Today the cryptocurrency markets bounced upwards, with the total market cap rising about 15% in the last 24 hours.
Will it last or is it just another price burp ahead of a long crypto winter?
No one knows, but there are several measures which say this isn't just business as usual for cryptocurrency and which suggest that change is afoot.
By the numbers
The most apparent shift is trade volume, with a sustained uptick in trade volume following the most recent upwards bump last month. That extra trade volume has hung around for the last few weeks even as markets remain relatively flat, suggesting more sustained interest.
Bitcoin prices are also showing a range of technical indicators for the first time in several years.
Firstly, Grayscale's inflows proportional to assets under management reached their highest level since 2015. The last time this happened was in 2015, right before cryptocurrency markets began their meteoric rise to 2017 peaks.
More recently, Bitcoin's 50 week moving average bearishly crossed the 100 week moving average for the first time since 2015, which analysts say historically tends to be a bullish sign as it signals the exhaustion of selling power. The last time this happened was also in 2015, right before Bitcoin began its meteoric rise to 2017 peaks.
There are other signs in the works too. Bitcoin's moving average convergence/divergence (MACD), which is basically a way of drawing a line on a chart that tells you whether something might have a bullish or bearish vibe at any given time, has formed an exact mirror of 2015 and is currently pointing to the bullish.
There are other parallels too. At the start of February Bitcoin broke its own record for the longest downturn. The previous record also ran from 2013 to 2015.
Furthermore, Bitcoin's halvings have historically registered on the charts as a price rise about 12 months in advance of the event itself. This date marked the rise of 2015, and also points to a cryptocurrency market ascent sometime in early to mid 2019.
Of course, there are enough different techniques to make technical analysis say anything you want, if you look for patterns you'll find them and similar signals were still screaming "buy" in the middle of 2018.
But there are a lot of parallels between now and 2015. And even more significantly, it's clear beyond a doubt that even if the markets currently look stagnant from the outside, there's been a pronounced shift in just the last couple of months.

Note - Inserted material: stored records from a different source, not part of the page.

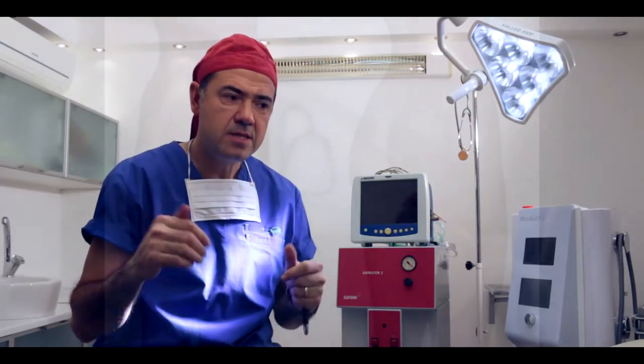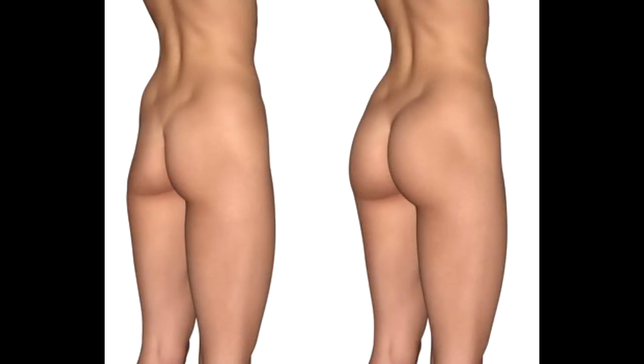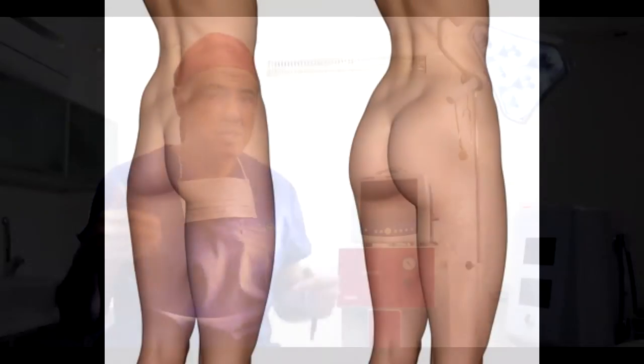Today we are using a new technique which is developed in Brazil. We are putting the implant neither above nor below the muscle but directly inside the muscle. In this case it looks much more natural, it is not visible, and it is much less painful.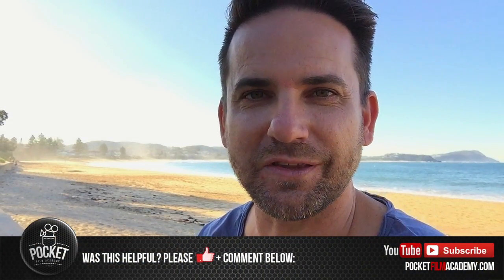Well I hope you really enjoyed that tip clip for how to create a polarizer filter using nothing more than a pair of discarded 3D glasses from your cinema. Now if you've got the bug and you love these little tip clips, make sure you check out my masterclass at pocketfilmacademy.com. You'll get the whole load down there.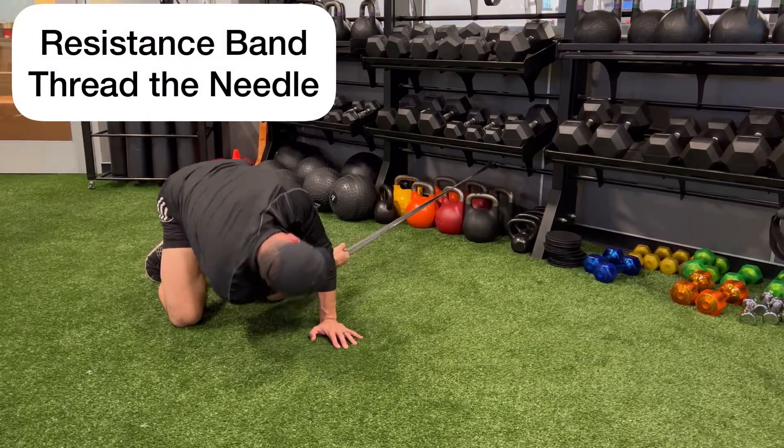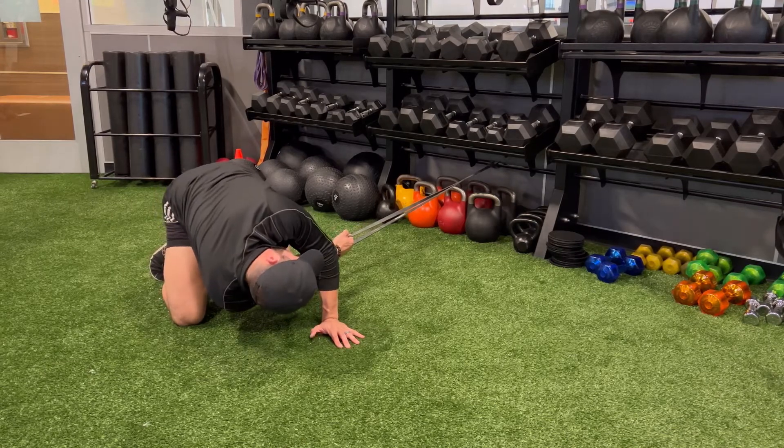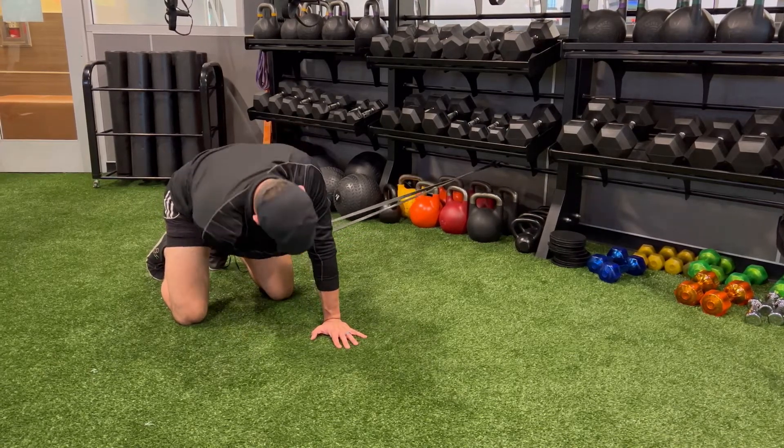With the resistance band attached to a post, start on all fours with one hip facing the resistance band. With the opposite side, reach underneath and grab the resistance band.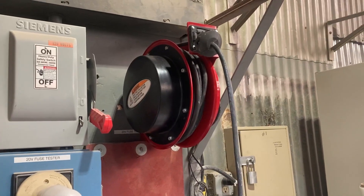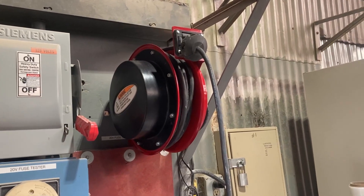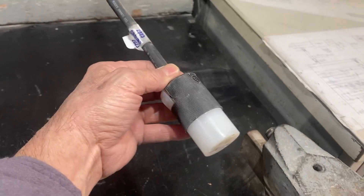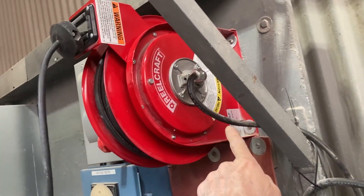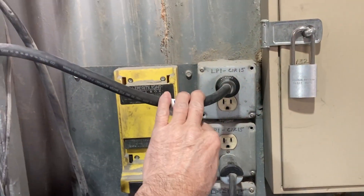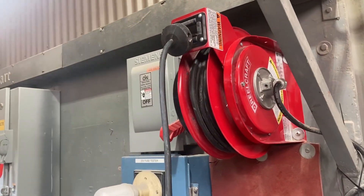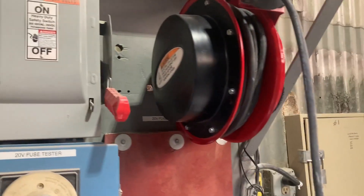Hi friends, this is a look at the Reelcraft 12 gauge, 20 amp, 50 foot cord reel. This is a professional grade cord reel made of high quality steel and really nice cord caps on each end. Here's the cord cap — it came with the power cord and just plugs right into 120 volt power. Really nicely made, well engineered — this is the highest grade quality you can get for a cord reel extension cord reel.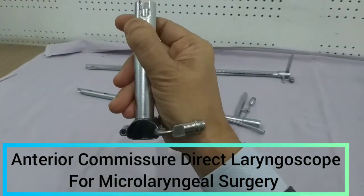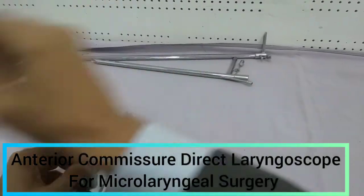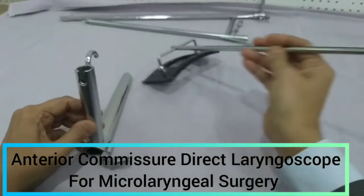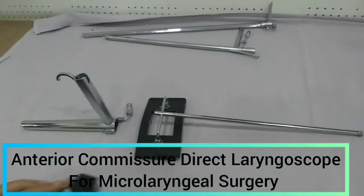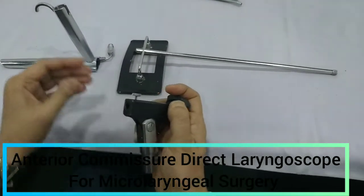This is the NTA commissure direct laryngoscope, and it can be fixed with the chest. This is the chest support — you can see the entire chest support here. This is the laryngoscope, and this is the connection with which we can fix this scope.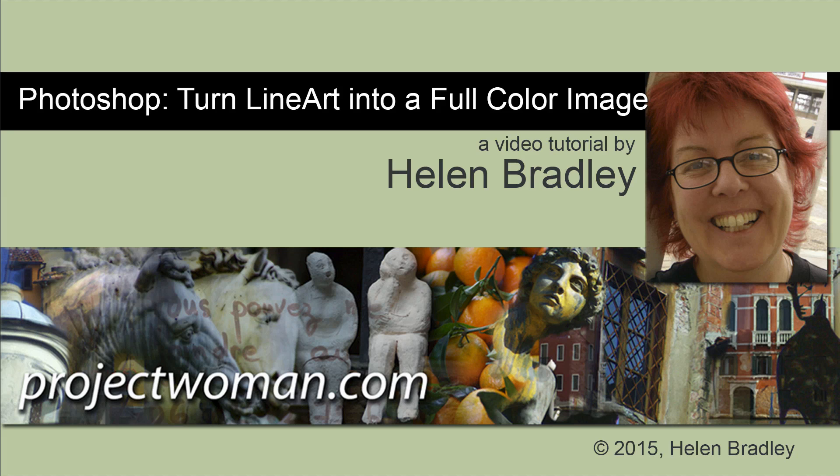Hello, I'm Helen Bradley. Welcome to this video tutorial. In this tutorial I'll show you how to turn line art into a full colour image in Photoshop.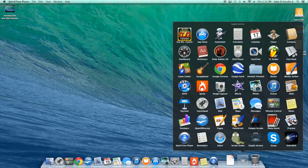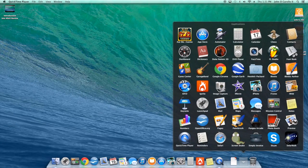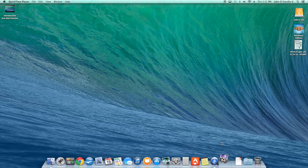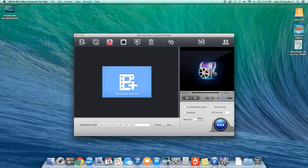First thing you're going to want to do is go down to your applications folder and find the program. There it is — click on it and it's going to open up. Like I said, it's a very simple program. Once it opens up, all the tools are right here right away. You could add movies from iTunes, any kind of movies you have, or create a photo video by dragging in your photos to make a video.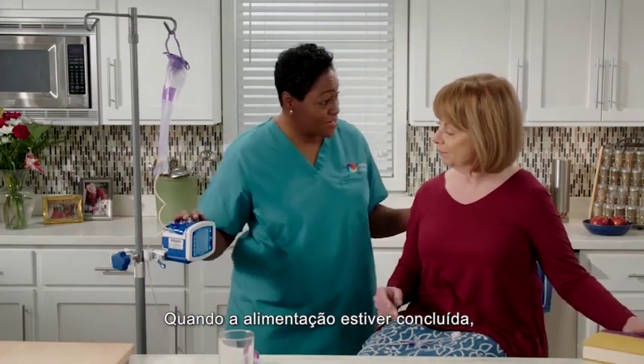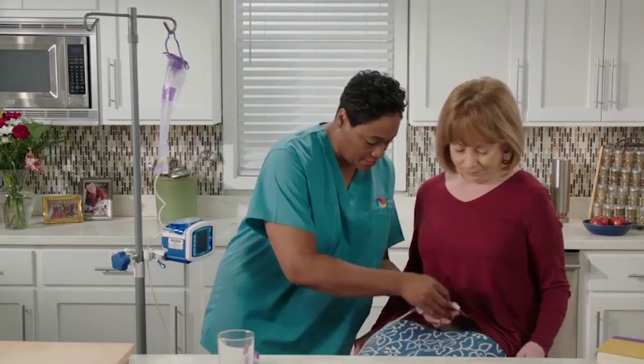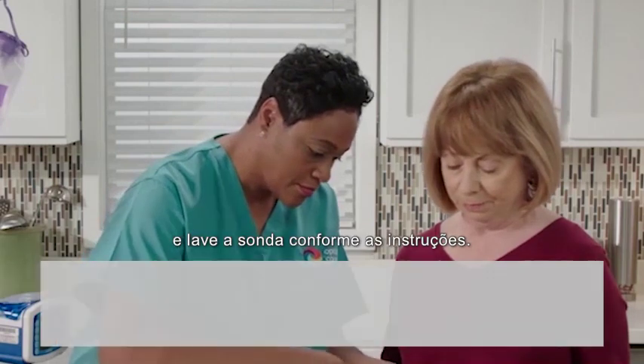Once the feeding is complete, press the power button to turn the pump off. Disconnect the feeding set and flush your tube as directed.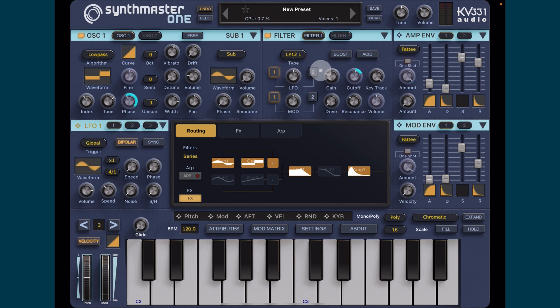Now if we want to apply the filter to LFO1 or LFO2 we can do that here. We can do it in a positive and negative value, and because it's also controlling our phase we're getting even more movement now.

There's some major interest (by some standards) boiling away beneath the placid-looking surface of the cryptocurrency markets.
Beneath the surface
The last few months have seen Intercontinental Exchange's Bakkt continue to move forwards. It's seen J.P. Morgan launch its own blockchain-based cryptocurrency, Julius Baer announce digital asset plans and Fidelity near the final stages of its own cryptocurrency plans, and much, much more.
Institutional market activity has unsurprisingly been bubbling up in February and March 2019 to an extent that can register on technical indicators. More individuals are also looking more closely at cryptocurrency now than during the depths of 2018, and by every indication people are buying.
This is manifested in signs such as an overall increase in the number of Bitcoin addresses holding 1-10 BTC. Notably, this growth metric lagged throughout 2018 with a mere 0.7% increase over the year. But it's picked right back up in 2019, with a 3% increase.
So what happened recently that's seen interest in cryptocurrency pop up again now?
Beyond the slow burn of institutional involvement, it may be that more people are getting sucked down the blockchain rabbit hole. Surveys show that blockchain enthusiasm reached new highs in 2018, and a lot of people are now entering the area through news that their businesses are considering a blockchain solution, or a new wave of word of mouth from acquaintances.
And even though blockchain does not equal cryptocurrency, it's still hard to explore or invest in blockchain as a technology without you – and your money – ending up at cryptocurrency.
Disclosure: The author holds ETH and XLM at the time of writing.